Task directions » Once the pictures are removed, return each record below exactly as written.

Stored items
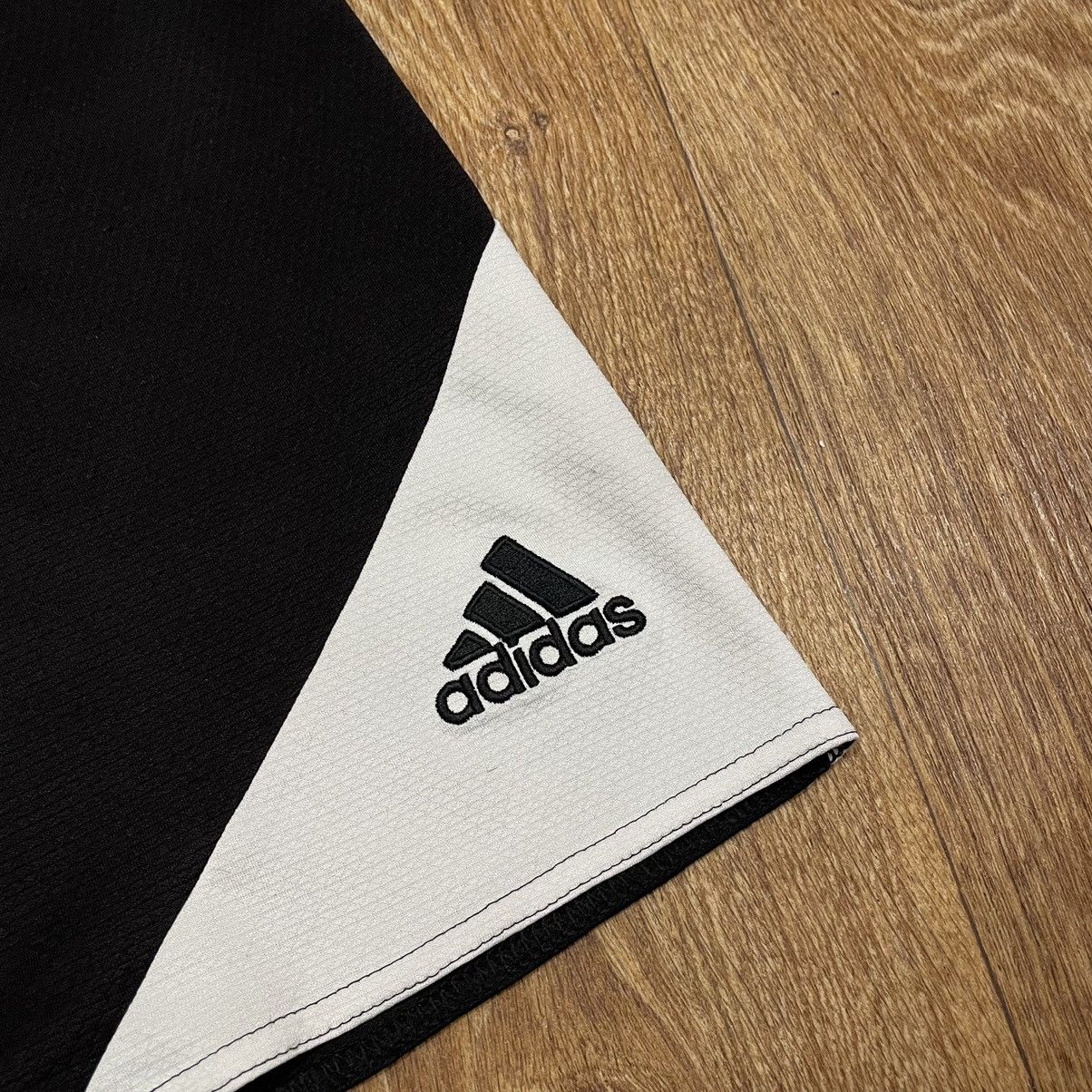 Adidas Vintage Adidas shorts streetwear y2k style casual size S Size US 30 / EU 46 - 4 Thumbnail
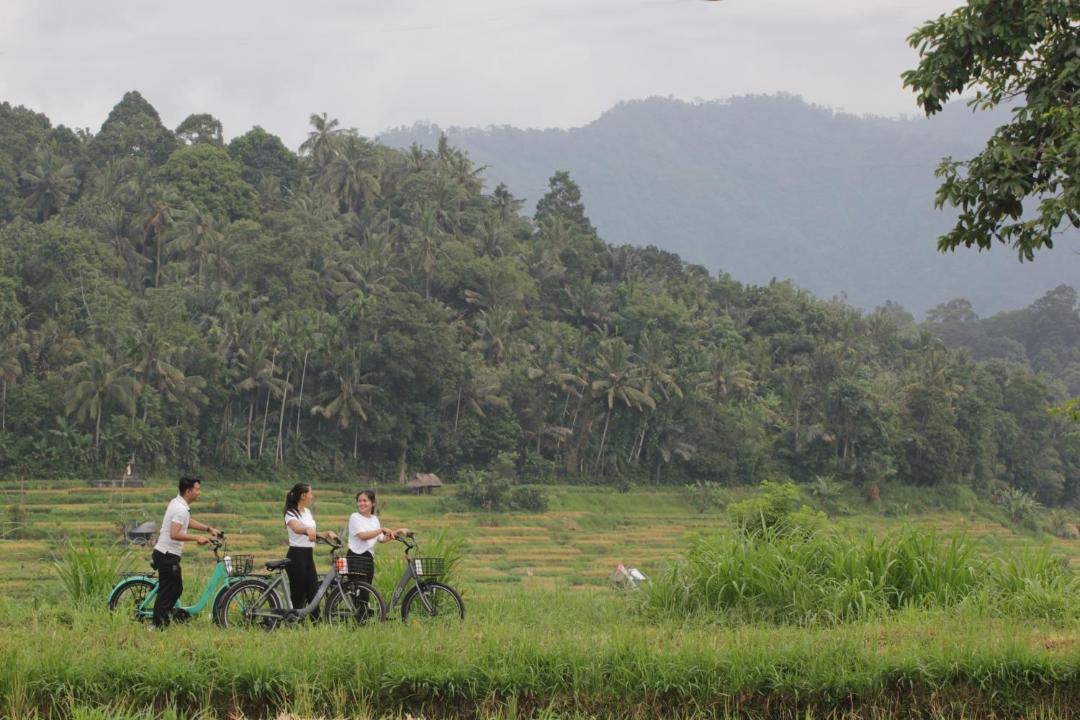 Photo of Others in Bebandem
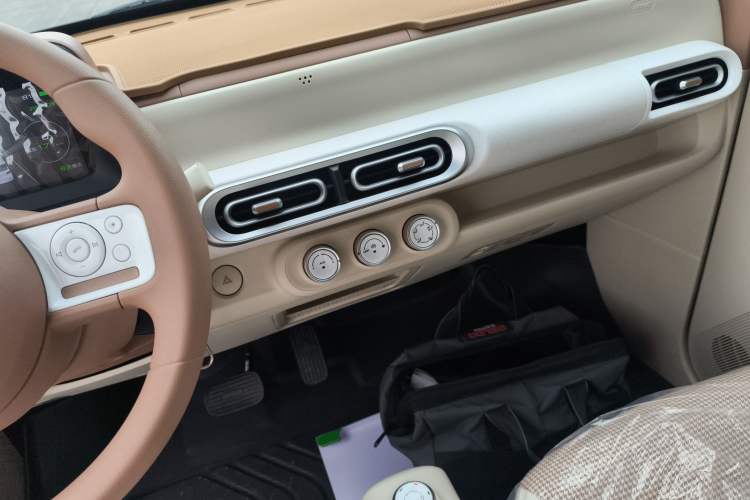 Used Wuling Hongguang MINIEV 2024 3rd Generation 215km Youth Edition
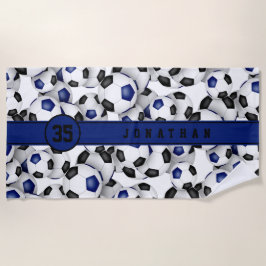 ブルーブラックチームがサッカーボールのパターンを色付けする ビーチタオル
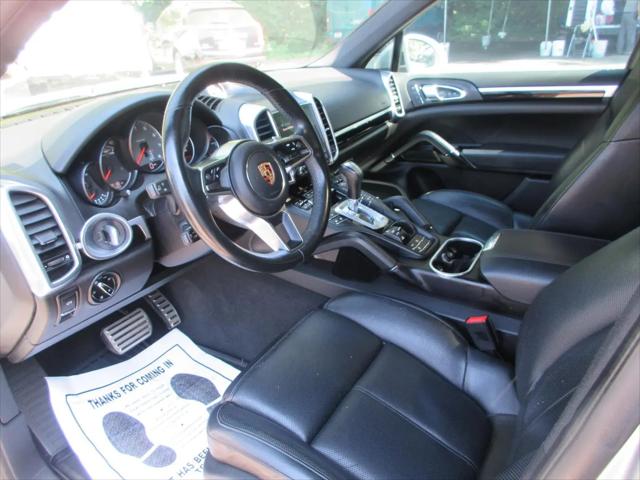 2018 Porsche Cayenne S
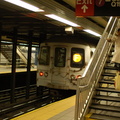 R-46 @ Jackson Heights-Roosevelt Avenue (F). Photo taken by Brian Weinberg, 11/25/2007.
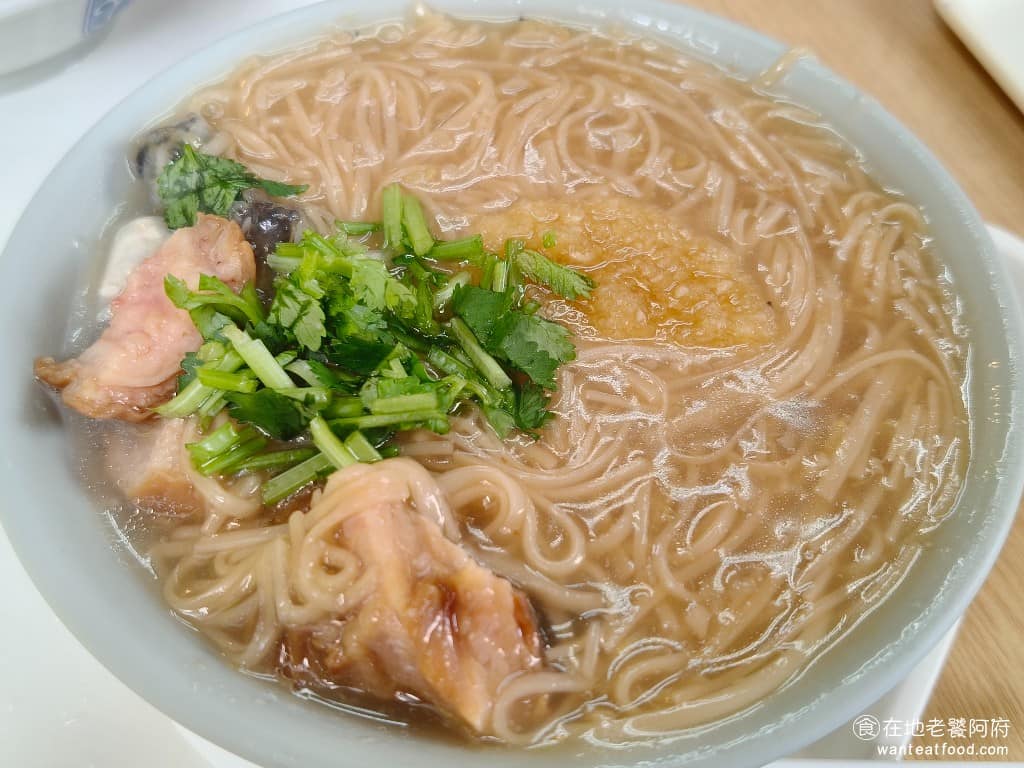 陳記萬華麵線 陳記萬華麵線菜單 陳記萬華麵線推薦 萬華區美食 萬華美食 龍山寺美食 台灣小吃 蚵仔麵線 綜合麵線 綜合麵線同時有蚵仔和大腸，是最受歡迎的選擇，一碗小的裡面，大約有 4  顆蚵仔，大腸的量也不少，也有 4 個以上。 @在地老饕阿府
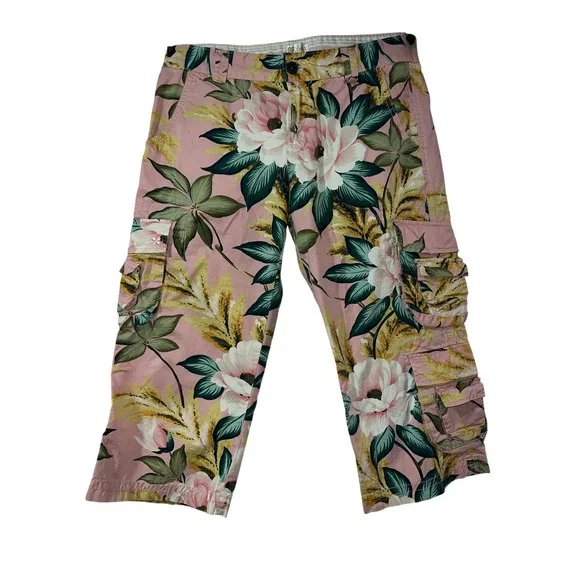 Lucky Brand Tropical Floral Cargo Capri Pants Pink Green White Bloom Print 10/30 - Picture 1 of 11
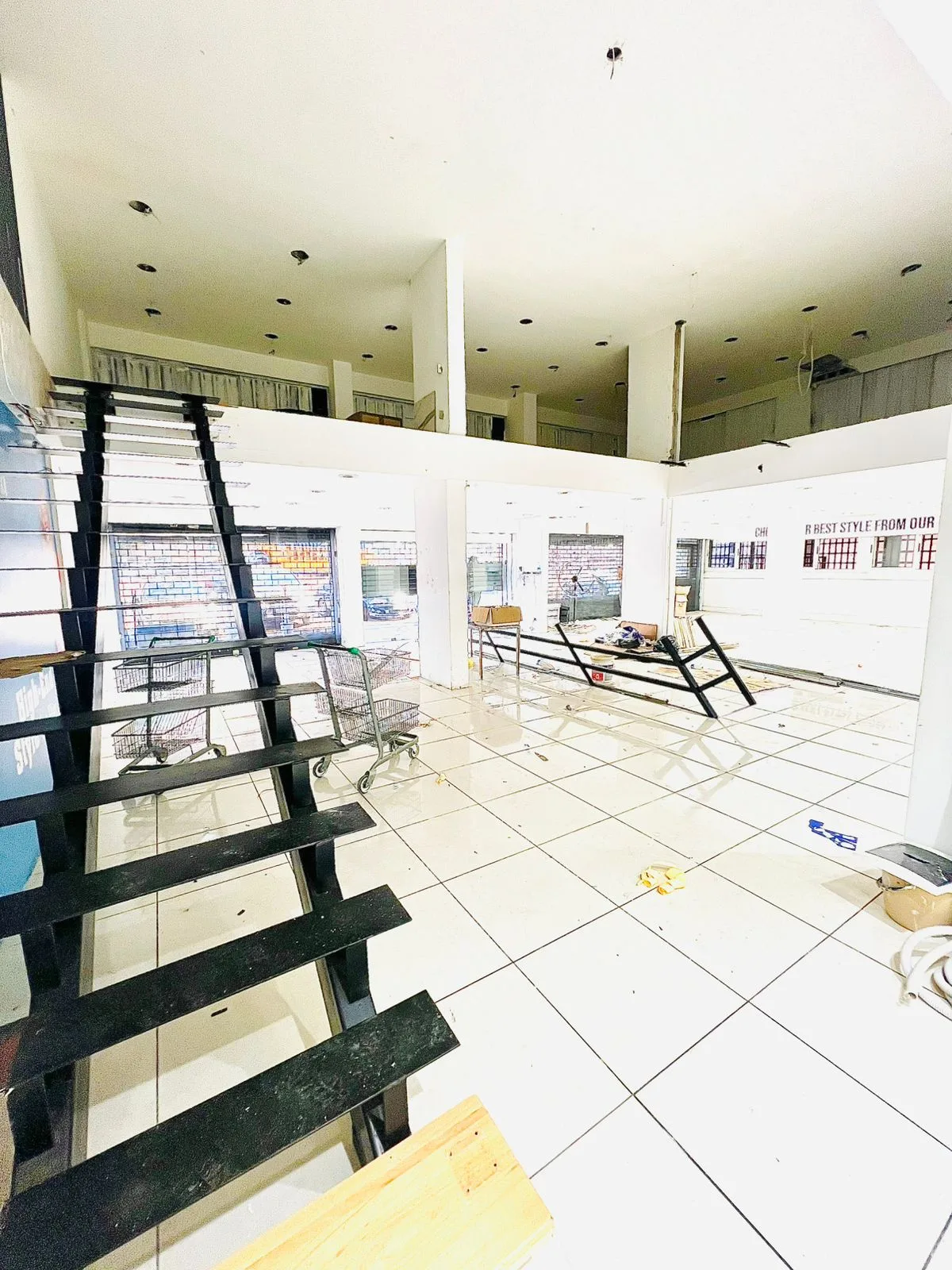 Showroom for Sale in Jounieh — الصورة 10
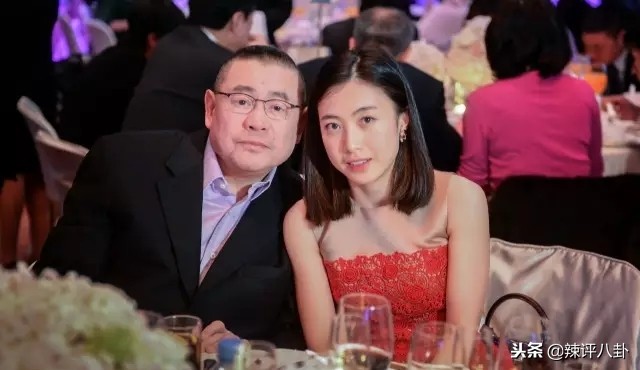 小记者俘获花心大富豪，从佣人女儿到传奇贵妇，如今身价500亿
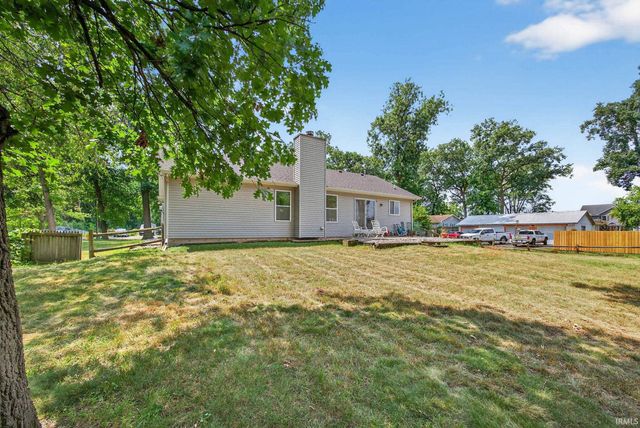 10449 Charles Street, Osceola, IN 46561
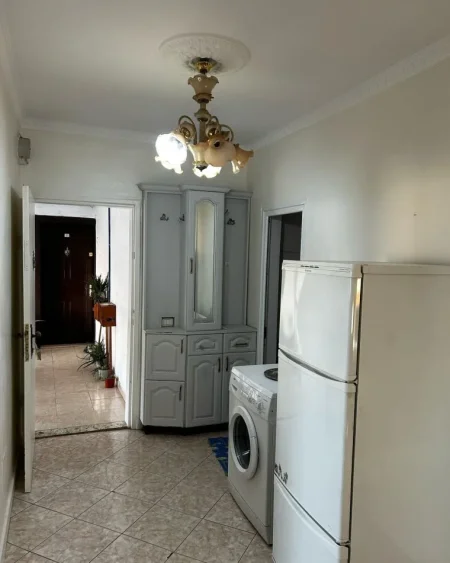 Tirane, jepet me qera apartament 2+1+Ballkon Kati 6, 420 €uro(Laprake te spitali ushtarak)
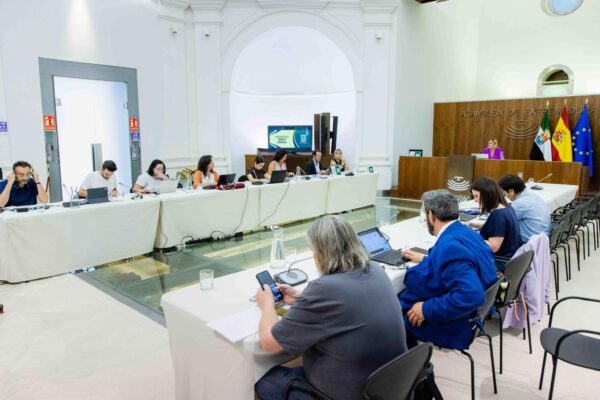 Extremadura destina 1.101 millones a Agricultura en 2027, con 35 millones para regadíos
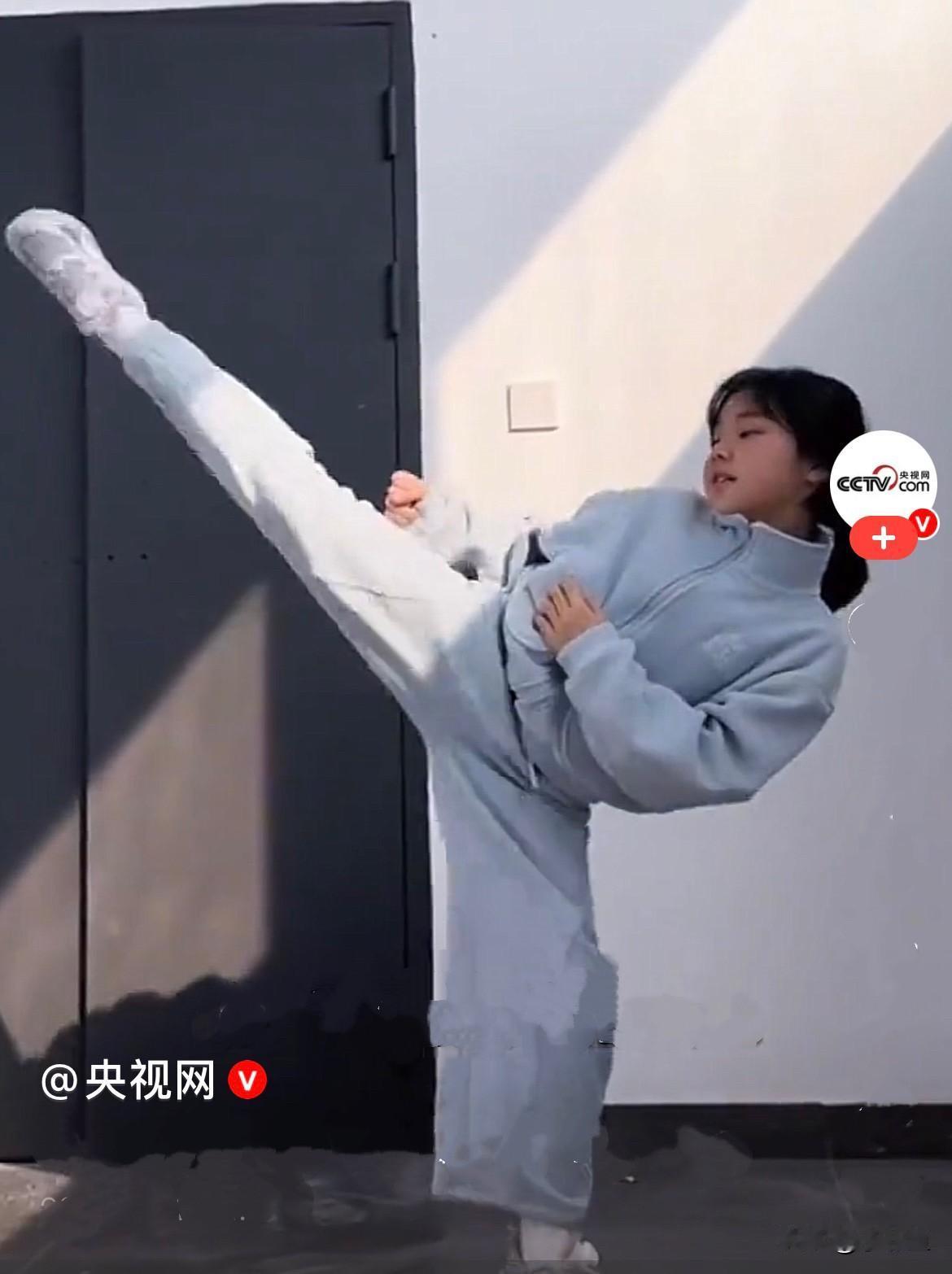 近日，上海一小姑娘打跆拳道，踢的真好看，形如流水、形如闪电，娇美的身姿看得我如痴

Answer area »
 Adidas Vintage Adidas shorts streetwear y2k style casual size S Size US 30 / EU 46 - 4 Thumbnail
 Photo of Others in Bebandem
 Used Wuling Hongguang MINIEV 2024 3rd Generation 215km Youth Edition
 ブルーブラックチームがサッカーボールのパターンを色付けする ビーチタオル
 2018 Porsche Cayenne S
 R-46 @ Jackson Heights-Roosevelt Avenue (F). Photo taken by Brian Weinberg, 11/25/2007.
 陳記萬華麵線 陳記萬華麵線菜單 陳記萬華麵線推薦 萬華區美食 萬華美食 龍山寺美食 台灣小吃 蚵仔麵線 綜合麵線 綜合麵線同時有蚵仔和大腸，是最受歡迎的選擇，一碗小的裡面，大約有 4  顆蚵仔，大腸的量也不少，也有 4 個以上。 @在地老饕阿府
 Lucky Brand Tropical Floral Cargo Capri Pants Pink Green White Bloom Print 10/30 - Picture 1 of 11
 Showroom for Sale in Jounieh — الصورة 10
 小记者俘获花心大富豪，从佣人女儿到传奇贵妇，如今身价500亿
 10449 Charles Street, Osceola, IN 46561
 Tirane, jepet me qera apartament 2+1+Ballkon Kati 6, 420 €uro(Laprake te spitali ushtarak)
 Extremadura destina 1.101 millones a Agricultura en 2027, con 35 millones para regadíos
 近日，上海一小姑娘打跆拳道，踢的真好看，形如流水、形如闪电，娇美的身姿看得我如痴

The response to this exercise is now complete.